I posit additionally that in 1960, it was also possible for human mediators (such as journalists, editors, curators etc) to cognitively manage and autonomously filter the sources of raw information prior to packaging for human consumption. Between 1960 and 2005, the overall production of raw information surpassed what is humanly possible to filter and mediate, and as such the gatekeeping function of human mediators was no longer able to keep up with the information output.

The fact that the study takes into account the 1960-2005 period is significant. Between 2005 and 2016, the Internet became by far the platform with the largest production and consumption of information — by a variety of metrics. In 2005, the number of websites2 on the Internet was slightly above sixty-five million — in 2014, it has surpassed a billion (“Total number of Websites - Internet Live Stats,” n.d.). Facebook didn’t exist before 2004, and today has more than a billion daily active users (“Company Info | Facebook Newsroom,” n.d.) who spend an average of 20 minutes per day on the social media platform (D’Onfro, 2015). The year 2005 is also the birth of YouTube: the social video content sharing platform is a prime example of how incredibly complex the mediascape became in the last decade. Youtube currently doesn’t release hard numbers on their statistics. However, the official YouTube statistics page claims that:

YouTube has over a billion users — almost one-third of all people on the Internet — and every day people watch hundreds of millions of hours on YouTube and generate billions of views (“Statistics - YouTube,” n.d.).

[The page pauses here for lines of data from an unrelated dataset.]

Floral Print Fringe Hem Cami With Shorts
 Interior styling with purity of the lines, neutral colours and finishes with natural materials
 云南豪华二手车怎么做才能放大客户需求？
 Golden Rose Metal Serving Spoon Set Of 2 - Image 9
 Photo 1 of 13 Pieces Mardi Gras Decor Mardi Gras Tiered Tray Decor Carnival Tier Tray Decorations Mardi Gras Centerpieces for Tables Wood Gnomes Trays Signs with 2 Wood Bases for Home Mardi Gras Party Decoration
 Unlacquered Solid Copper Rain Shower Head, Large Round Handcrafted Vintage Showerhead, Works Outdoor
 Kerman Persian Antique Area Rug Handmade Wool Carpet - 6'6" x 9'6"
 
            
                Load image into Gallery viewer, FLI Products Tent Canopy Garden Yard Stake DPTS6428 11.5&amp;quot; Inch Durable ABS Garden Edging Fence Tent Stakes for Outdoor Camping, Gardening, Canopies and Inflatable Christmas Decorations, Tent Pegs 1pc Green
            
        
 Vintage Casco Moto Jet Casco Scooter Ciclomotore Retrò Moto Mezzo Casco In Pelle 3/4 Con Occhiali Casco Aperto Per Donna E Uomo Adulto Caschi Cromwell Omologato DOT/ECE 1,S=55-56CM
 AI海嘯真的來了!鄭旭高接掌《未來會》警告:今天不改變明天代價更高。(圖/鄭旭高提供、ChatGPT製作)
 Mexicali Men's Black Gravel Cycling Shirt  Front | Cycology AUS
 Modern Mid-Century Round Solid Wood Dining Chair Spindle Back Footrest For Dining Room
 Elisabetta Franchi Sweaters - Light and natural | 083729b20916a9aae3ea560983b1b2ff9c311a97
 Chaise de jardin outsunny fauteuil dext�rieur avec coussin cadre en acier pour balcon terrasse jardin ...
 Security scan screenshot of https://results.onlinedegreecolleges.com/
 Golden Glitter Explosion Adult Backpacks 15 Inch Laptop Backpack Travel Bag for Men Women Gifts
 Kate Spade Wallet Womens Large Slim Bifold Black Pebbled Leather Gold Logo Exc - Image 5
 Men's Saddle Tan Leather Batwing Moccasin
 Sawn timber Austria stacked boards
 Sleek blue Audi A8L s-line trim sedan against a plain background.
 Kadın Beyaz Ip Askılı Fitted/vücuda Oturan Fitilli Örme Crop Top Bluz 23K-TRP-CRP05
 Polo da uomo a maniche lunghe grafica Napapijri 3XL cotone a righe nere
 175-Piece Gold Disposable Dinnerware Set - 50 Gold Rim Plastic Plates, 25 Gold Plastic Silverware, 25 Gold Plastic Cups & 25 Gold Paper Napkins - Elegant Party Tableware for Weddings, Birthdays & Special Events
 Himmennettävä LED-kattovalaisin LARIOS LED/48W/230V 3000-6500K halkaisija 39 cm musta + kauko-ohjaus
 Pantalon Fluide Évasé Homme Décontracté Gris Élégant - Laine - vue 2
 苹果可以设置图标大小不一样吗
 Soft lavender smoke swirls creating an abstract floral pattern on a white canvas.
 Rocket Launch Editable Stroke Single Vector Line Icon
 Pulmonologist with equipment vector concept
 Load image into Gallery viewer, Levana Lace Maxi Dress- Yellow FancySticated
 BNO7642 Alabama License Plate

These examples encapsulate how much the input of content into the mediascape has grown since 2005, a year in which, arguably, the consumers already had lost their ability to autonomously parse the deluge of information. It is possible that the 884:1 ratio has been surpassed exponentially.

1. The analytics are retrieved from the website http://www.internetlivestats.com/. Since the website doesn't offer an openly accessible historical tracking analysis tool, this paper offers no screenshot or other valid proof - it urges, however, readers wishing to compare real-time data to directly access the website.
2. Intended as “unique hostnames” which can be resolved into an IP address.